LISTED RECORDS:
******

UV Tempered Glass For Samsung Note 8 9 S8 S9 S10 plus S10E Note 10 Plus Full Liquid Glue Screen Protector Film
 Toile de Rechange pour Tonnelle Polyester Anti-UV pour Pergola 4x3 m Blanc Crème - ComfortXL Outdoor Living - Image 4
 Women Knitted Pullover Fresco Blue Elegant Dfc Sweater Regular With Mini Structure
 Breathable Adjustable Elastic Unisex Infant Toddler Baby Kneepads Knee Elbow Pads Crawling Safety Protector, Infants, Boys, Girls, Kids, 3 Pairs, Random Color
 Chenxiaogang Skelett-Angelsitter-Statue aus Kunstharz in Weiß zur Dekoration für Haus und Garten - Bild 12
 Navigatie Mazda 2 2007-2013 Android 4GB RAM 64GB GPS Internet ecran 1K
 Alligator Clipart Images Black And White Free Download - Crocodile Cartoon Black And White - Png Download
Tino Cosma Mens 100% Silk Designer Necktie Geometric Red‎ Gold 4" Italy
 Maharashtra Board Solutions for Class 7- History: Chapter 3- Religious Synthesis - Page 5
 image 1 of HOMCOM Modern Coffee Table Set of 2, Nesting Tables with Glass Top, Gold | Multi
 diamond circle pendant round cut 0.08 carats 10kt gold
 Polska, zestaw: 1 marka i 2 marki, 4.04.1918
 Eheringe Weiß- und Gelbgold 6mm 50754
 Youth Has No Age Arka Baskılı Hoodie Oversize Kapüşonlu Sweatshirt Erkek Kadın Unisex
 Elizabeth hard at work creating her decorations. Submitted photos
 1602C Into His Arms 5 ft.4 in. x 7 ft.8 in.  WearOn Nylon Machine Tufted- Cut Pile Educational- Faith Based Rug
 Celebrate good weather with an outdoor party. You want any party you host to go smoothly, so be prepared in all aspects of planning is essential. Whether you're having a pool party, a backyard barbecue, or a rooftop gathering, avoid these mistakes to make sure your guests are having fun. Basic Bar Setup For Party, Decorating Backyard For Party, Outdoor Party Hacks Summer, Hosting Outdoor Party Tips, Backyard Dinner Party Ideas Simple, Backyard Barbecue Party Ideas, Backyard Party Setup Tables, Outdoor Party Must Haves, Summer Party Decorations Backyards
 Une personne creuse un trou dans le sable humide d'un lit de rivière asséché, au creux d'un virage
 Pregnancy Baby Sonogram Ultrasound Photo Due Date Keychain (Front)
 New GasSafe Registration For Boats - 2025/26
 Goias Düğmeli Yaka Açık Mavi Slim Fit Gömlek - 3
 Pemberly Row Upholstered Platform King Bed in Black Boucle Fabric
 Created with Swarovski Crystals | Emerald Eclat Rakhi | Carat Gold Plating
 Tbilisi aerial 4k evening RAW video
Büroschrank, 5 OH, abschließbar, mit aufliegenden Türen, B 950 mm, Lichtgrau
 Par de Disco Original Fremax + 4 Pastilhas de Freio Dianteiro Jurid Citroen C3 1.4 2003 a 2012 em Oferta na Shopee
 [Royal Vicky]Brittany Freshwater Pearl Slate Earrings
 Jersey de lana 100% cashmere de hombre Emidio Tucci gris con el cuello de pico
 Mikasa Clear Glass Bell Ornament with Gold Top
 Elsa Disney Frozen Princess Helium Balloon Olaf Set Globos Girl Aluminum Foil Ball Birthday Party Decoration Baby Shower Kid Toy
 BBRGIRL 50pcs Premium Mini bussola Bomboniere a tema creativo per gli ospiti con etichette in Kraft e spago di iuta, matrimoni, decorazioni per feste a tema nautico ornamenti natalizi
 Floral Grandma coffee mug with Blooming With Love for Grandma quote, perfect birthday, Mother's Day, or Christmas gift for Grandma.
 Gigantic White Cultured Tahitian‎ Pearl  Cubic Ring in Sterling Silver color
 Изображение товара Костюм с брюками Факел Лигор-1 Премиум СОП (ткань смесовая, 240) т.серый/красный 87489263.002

******

PROBLEM DESCRIPTION:
Only a number should come back: the count of lines above that include "Party".

OUTPUT OF THE EXERCISE:
2